Yverdon-les-Bains şehri, bu durumdan en çok etkilenen yerlerden biri olarak öne çıkıyor. Şehir merkezindeki boş dükkân oranı %10'u aştı ve yetkililer bu soruna çözüm bulmakta zorlanıyor.
Boş Dükkanların Arkasındaki Sebepler
Esnafın zor duruma düşmesinin birçok nedeni var. 25 yıldır çiçekçilik yapan Isabelle Riond, kendi sokağında en az 6-7 dükkânın boş kaldığını belirtiyor. Özellikle küçük işletmeler kapanırken, büyük markalar hayatta kalmayı başarıyor.
Yverdon Ticaret ve Sanayi Derneği Başkanı Pierre-André Michoud, bu sorunun arkasında yatırımcılar ve emeklilik fonlarına ait mülklerin olduğunu vurguluyor. Bu tür yatırımcılar, yüksek kira taleplerini sürdürüyor ve boş kalma riskine rağmen fiyatlarını düşürmüyorlar. Çünkü gayrimenkullerinin teorik kira getirilerini koruyarak, bina değerini sabit tutmayı amaçlıyorlar. Ancak daha düşük kira talep etmeleri, bu getirileri düşürebileceği için boş kalmasına razı oluyorlar.
Öte yandan, bazı mülk sahipleri de yenileme masraflarından kaçınarak mağazalarını uzun süre boş bırakıyor. Gayrimenkul sahibi Jésus Sancha, bu tür bir yaklaşımın uzun vadede büyük maliyetlere yol açacağını söylüyor: “Boş bırakılan binalar zamanla yıpranır, bu da daha büyük onarım masraflarına neden olur.”
Çözüm İçin Yeni Adımlar
Yverdon Belediyesi, bu durum karşısında endişeli olsa da doğrudan mülk sahiplerine müdahale etme yetkileri sınırlı. Turizm ve Ekonomi Delegesi Guillaume Abetel, 5 Haziran’da şehirdeki işletmelerle bir toplantı düzenleyerek çözüm önerilerini değerlendireceklerini açıkladı.

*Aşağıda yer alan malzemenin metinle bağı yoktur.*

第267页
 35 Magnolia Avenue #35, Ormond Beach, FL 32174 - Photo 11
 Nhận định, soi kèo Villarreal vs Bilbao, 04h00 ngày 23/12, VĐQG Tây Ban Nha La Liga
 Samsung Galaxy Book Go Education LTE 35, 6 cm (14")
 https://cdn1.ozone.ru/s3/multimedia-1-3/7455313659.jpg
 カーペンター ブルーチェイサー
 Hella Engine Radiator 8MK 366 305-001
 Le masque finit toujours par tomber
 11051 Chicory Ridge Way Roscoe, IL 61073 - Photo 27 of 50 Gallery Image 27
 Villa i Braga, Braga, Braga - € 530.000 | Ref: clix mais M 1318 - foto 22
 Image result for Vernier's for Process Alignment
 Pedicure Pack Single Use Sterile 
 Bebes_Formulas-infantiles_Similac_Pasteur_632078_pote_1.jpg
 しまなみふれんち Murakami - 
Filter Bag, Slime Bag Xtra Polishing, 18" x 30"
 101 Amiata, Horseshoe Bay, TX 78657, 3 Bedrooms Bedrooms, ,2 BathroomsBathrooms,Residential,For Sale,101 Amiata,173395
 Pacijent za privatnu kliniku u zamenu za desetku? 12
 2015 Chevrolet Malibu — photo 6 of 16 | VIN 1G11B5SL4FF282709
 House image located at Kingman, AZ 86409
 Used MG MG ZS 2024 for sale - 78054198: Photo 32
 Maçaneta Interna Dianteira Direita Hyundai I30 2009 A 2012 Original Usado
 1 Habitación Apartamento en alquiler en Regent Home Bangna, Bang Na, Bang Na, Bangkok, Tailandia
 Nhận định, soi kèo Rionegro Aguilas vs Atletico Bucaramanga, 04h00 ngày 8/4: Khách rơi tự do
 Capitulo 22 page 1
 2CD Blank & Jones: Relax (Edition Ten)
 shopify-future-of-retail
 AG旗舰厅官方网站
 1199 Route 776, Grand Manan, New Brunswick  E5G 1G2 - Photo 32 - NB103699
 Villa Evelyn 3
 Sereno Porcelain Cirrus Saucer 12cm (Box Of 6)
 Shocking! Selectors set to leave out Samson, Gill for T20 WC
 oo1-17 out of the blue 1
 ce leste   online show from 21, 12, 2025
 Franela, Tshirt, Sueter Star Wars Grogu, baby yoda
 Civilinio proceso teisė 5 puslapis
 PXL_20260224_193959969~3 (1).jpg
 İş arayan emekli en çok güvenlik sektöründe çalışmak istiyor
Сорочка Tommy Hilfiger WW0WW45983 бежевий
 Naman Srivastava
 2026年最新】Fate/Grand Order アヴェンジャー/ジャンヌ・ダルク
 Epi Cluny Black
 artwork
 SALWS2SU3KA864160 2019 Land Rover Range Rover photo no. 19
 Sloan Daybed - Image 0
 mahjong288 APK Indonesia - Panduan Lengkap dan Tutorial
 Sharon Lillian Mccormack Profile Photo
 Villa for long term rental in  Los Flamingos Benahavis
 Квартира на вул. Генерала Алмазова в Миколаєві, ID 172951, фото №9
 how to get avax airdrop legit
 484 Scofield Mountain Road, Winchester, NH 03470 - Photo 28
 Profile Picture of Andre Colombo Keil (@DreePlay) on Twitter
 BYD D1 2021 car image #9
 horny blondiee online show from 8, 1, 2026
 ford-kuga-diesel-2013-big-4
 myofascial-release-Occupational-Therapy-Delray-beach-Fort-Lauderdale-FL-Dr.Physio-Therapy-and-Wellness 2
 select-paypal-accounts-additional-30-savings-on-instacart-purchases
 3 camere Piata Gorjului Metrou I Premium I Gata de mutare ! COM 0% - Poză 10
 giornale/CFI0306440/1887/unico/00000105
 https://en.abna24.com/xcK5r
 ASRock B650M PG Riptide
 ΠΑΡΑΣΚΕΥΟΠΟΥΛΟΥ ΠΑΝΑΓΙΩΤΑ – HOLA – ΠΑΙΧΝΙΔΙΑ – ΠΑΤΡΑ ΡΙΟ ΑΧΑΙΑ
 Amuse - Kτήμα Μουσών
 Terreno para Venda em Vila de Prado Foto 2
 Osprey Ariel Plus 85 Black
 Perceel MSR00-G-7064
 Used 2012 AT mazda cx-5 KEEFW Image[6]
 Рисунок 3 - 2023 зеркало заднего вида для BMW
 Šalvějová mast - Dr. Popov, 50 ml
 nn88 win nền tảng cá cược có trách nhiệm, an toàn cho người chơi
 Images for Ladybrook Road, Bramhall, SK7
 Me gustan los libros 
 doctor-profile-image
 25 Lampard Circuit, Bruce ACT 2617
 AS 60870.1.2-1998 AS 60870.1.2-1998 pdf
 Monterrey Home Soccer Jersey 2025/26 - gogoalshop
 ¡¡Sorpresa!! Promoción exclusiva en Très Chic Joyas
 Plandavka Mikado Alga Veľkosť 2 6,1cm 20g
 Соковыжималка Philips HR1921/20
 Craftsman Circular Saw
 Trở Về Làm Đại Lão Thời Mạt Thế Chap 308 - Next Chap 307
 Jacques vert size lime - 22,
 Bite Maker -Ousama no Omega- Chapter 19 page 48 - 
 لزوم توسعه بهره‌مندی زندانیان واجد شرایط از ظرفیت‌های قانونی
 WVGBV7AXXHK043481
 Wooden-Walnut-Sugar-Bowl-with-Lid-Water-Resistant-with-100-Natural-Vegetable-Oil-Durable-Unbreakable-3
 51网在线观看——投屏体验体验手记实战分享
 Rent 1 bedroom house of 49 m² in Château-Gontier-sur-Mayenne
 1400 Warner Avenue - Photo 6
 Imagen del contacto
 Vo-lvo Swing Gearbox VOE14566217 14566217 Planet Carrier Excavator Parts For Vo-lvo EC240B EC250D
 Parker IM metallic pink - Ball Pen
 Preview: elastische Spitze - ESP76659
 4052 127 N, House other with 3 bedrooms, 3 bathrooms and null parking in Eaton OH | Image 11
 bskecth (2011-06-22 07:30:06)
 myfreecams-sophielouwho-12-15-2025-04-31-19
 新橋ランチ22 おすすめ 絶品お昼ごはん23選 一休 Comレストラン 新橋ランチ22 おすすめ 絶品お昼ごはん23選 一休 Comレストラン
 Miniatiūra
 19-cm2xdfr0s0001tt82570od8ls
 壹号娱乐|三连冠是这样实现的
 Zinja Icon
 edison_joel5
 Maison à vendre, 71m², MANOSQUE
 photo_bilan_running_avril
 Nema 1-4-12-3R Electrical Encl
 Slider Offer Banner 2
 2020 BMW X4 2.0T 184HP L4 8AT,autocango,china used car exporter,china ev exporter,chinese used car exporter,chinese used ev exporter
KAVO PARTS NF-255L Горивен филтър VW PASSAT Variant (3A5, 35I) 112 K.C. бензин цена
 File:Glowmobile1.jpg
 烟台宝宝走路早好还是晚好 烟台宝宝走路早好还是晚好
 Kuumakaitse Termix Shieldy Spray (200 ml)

Gündemdeki en önemli önerilerden biri, boş kalan ticari alanlar için ek bir vergi getirilmesi. Bu şekilde, mülk sahiplerinin dükkanlarını uzun süre boş tutmalarının önüne geçilmesi hedefleniyor.
Şehirler Birbirine Benzemeye Başlıyor
Küçük esnafların kaybolmasıyla birlikte, şehir merkezlerinde büyük zincir mağazaların hâkimiyeti giderek artıyor. Bu durum, alışveriş merkezlerinde tek tipleşmeye yol açıyor.
Örneğin, Cenevre’de büyük uluslararası markalar, ana alışveriş caddelerinin %65’ini oluşturuyor. Buna karşın Zürih’te bu oran %40 seviyesinde, yani burada yerel işletmeler hâlâ önemli bir yer tutuyor. Ancak genel olarak, İsviçre şehirlerinde küresel markaların yaygınlaşması ve küçük işletmelerin kapanması ortak bir sorun hâline gelmiş durumda.
Kimlik Kaybı Tehlikesi
Boş kalan dükkânlar sadece ekonomik değil, kültürel ve sosyal bir soruna da dönüşüyor. Yerel işletmeler, şehirlere kimlik kazandıran önemli unsurlar arasında yer alıyor. Eğer bu durum tersine çevrilmezse, İsviçre şehirleri karakterini kaybederek birbirine benzeyen tekdüze alışveriş caddelerine dönüşebilir.
Önümüzdeki aylarda boş dükkanlar için ek vergiler, devlet destekli teşvikler veya farklı kira politikaları gibi çözüm önerilerinin hayata geçirilip geçirilmeyeceği merak konusu. Küçük esnafın desteklenmemesi hâlinde, İsviçre’nin geleneksel çarşı kültürünün yerini büyük alışveriş zincirleri alabilir.